SUPPLIED INFORMATION:
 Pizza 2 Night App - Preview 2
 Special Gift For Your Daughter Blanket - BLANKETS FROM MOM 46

---

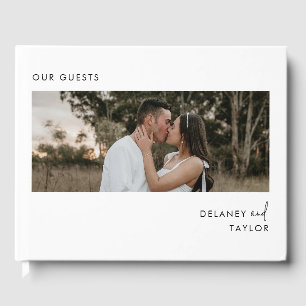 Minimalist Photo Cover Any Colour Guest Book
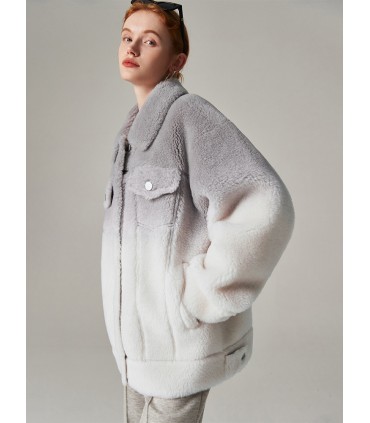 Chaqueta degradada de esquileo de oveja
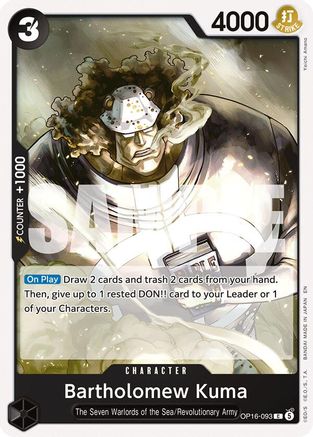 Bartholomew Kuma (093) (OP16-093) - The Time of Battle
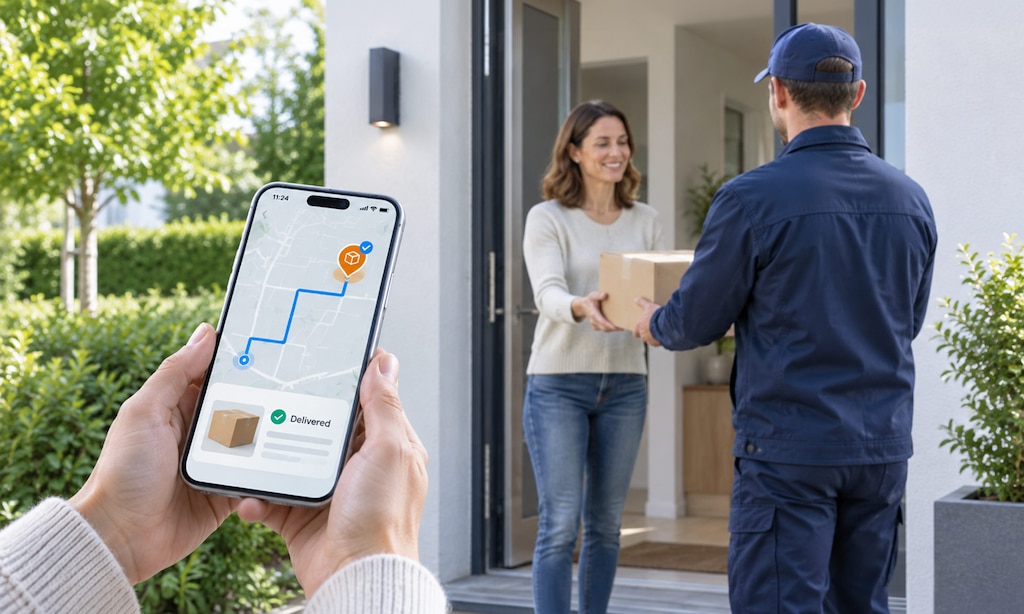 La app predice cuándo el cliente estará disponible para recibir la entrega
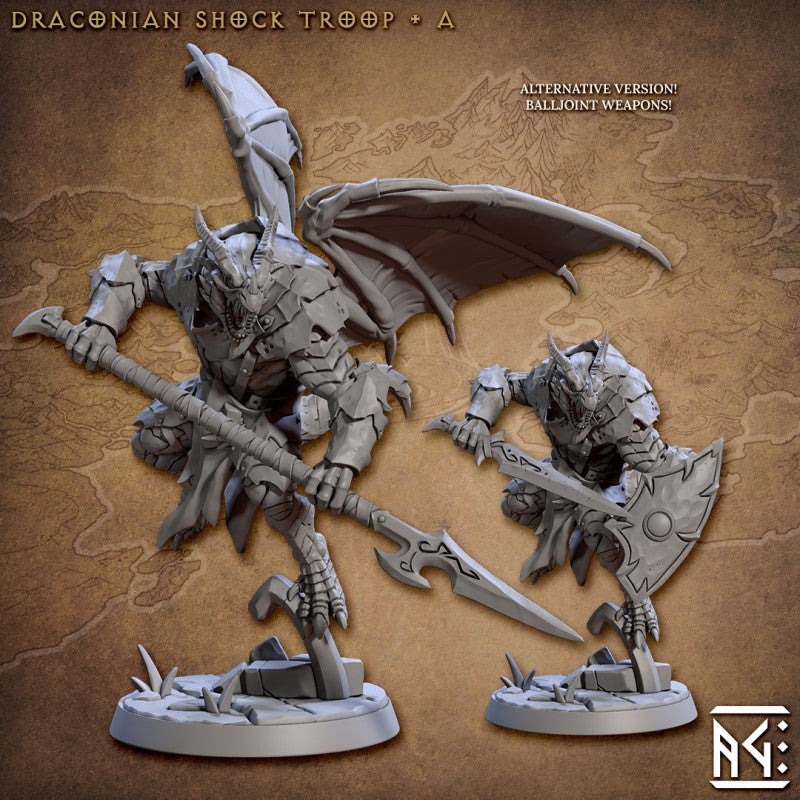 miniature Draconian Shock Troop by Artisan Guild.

---

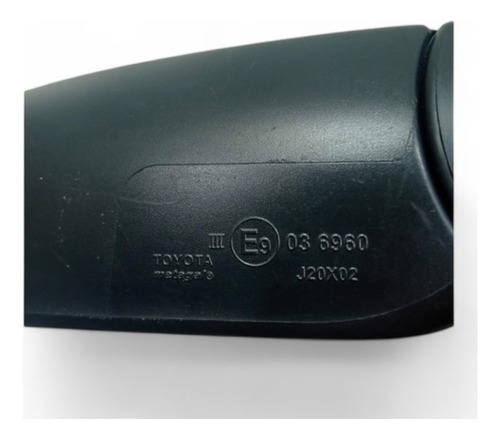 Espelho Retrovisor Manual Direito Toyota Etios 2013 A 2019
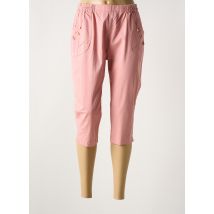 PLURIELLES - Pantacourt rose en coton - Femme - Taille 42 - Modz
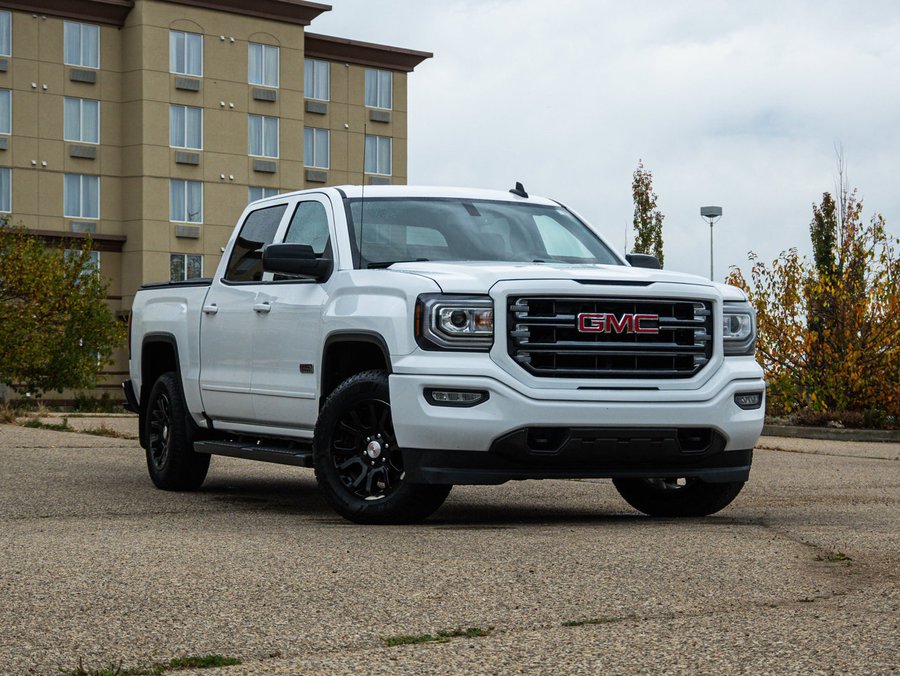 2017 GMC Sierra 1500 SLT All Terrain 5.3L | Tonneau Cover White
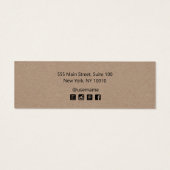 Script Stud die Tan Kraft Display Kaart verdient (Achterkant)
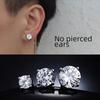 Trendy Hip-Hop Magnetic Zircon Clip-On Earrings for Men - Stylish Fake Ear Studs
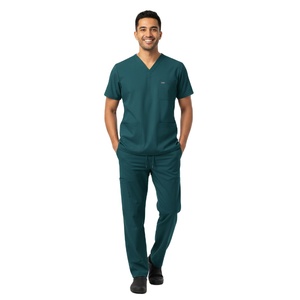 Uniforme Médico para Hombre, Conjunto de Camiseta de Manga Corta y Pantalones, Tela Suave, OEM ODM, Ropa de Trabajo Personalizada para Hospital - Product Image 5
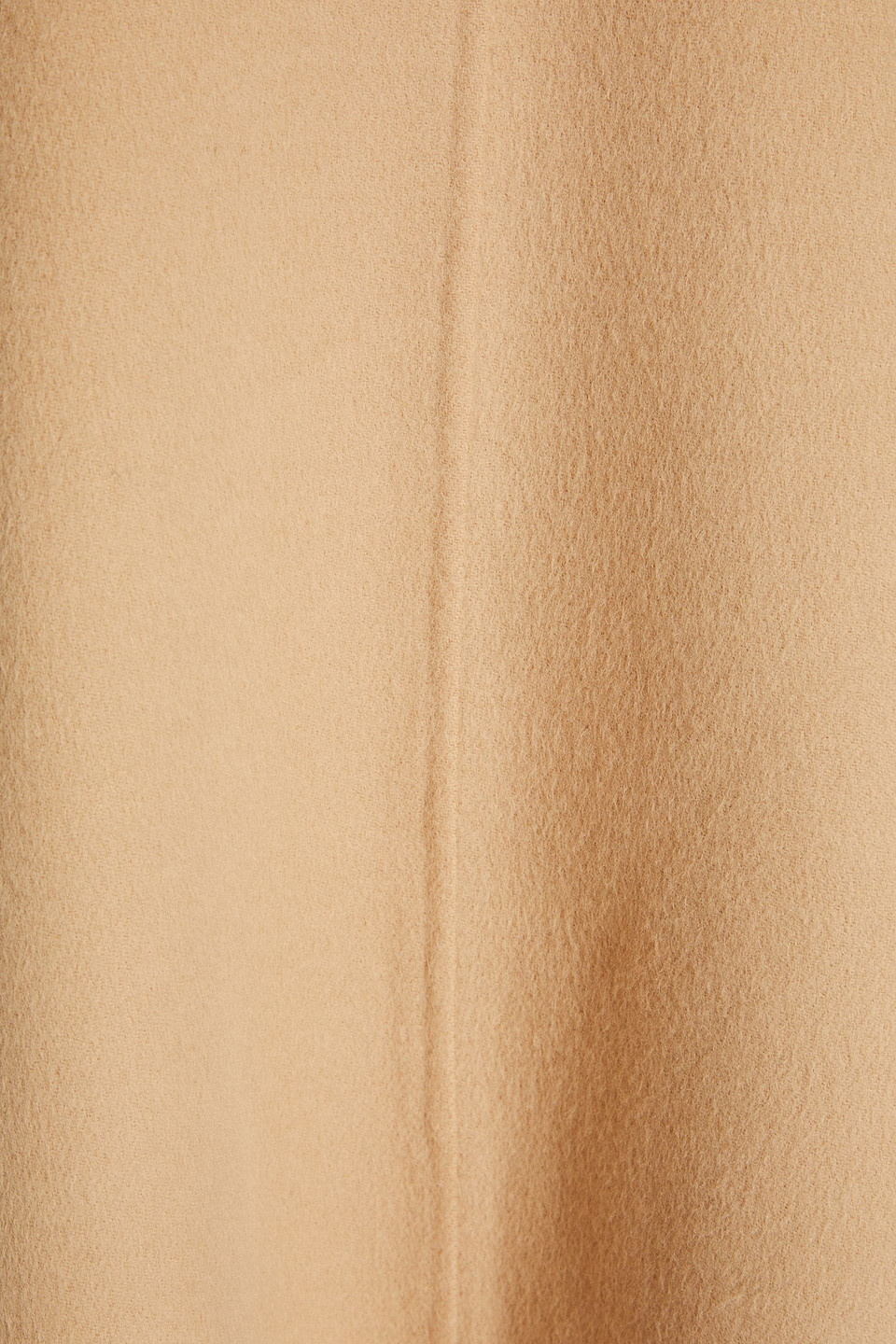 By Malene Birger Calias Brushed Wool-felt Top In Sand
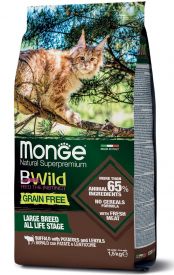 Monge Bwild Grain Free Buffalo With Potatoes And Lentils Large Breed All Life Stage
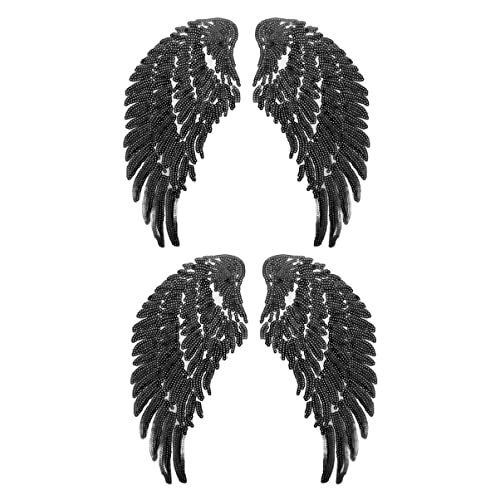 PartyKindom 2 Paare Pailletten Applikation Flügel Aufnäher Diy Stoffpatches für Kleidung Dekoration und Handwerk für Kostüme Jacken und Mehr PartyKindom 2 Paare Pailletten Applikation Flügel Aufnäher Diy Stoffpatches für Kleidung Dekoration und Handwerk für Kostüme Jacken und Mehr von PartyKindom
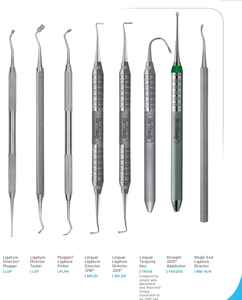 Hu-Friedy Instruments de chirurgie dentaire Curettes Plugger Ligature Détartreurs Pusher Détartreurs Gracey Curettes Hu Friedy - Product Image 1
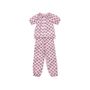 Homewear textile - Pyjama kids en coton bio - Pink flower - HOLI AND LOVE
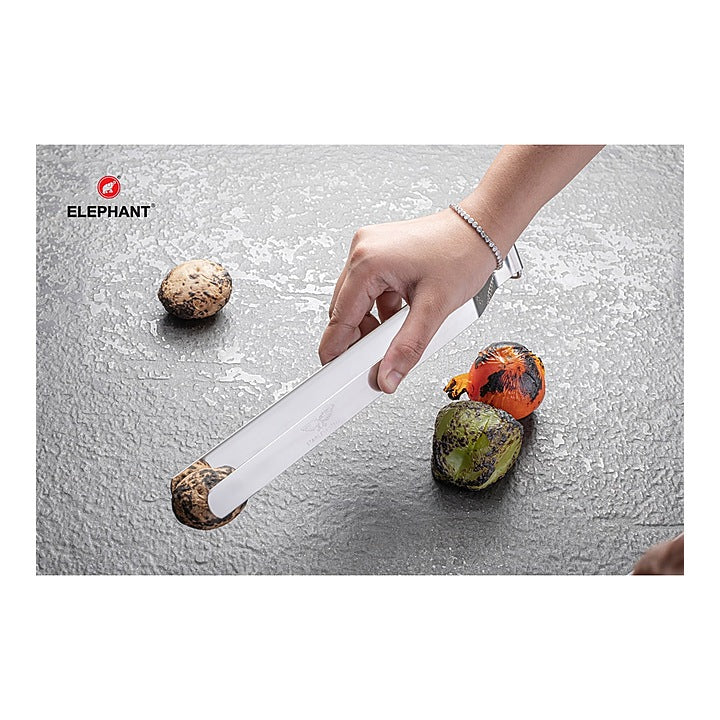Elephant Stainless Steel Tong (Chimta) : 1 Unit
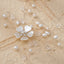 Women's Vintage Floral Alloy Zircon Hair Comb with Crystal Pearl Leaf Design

PROBLEM DETAILS:
Beginning at the line that has "Mehr von PartyKindom" and ending at the line that has "Women's Vintage Floral", restate the listing above word for word, pictures left out.

RESPONSE FOR THIS EXERCISE:
 PartyKindom 2 Paare Pailletten Applikation Flügel Aufnäher Diy Stoffpatches für Kleidung Dekoration und Handwerk für Kostüme Jacken und Mehr PartyKindom 2 Paare Pailletten Applikation Flügel Aufnäher Diy Stoffpatches für Kleidung Dekoration und Handwerk für Kostüme Jacken und Mehr von PartyKindom
 Hu-Friedy Instruments de chirurgie dentaire Curettes Plugger Ligature Détartreurs Pusher Détartreurs Gracey Curettes Hu Friedy - Product Image 1
 Homewear textile - Pyjama kids en coton bio - Pink flower - HOLI AND LOVE
Elephant Stainless Steel Tong (Chimta) : 1 Unit
 Women's Vintage Floral Alloy Zircon Hair Comb with Crystal Pearl Leaf Design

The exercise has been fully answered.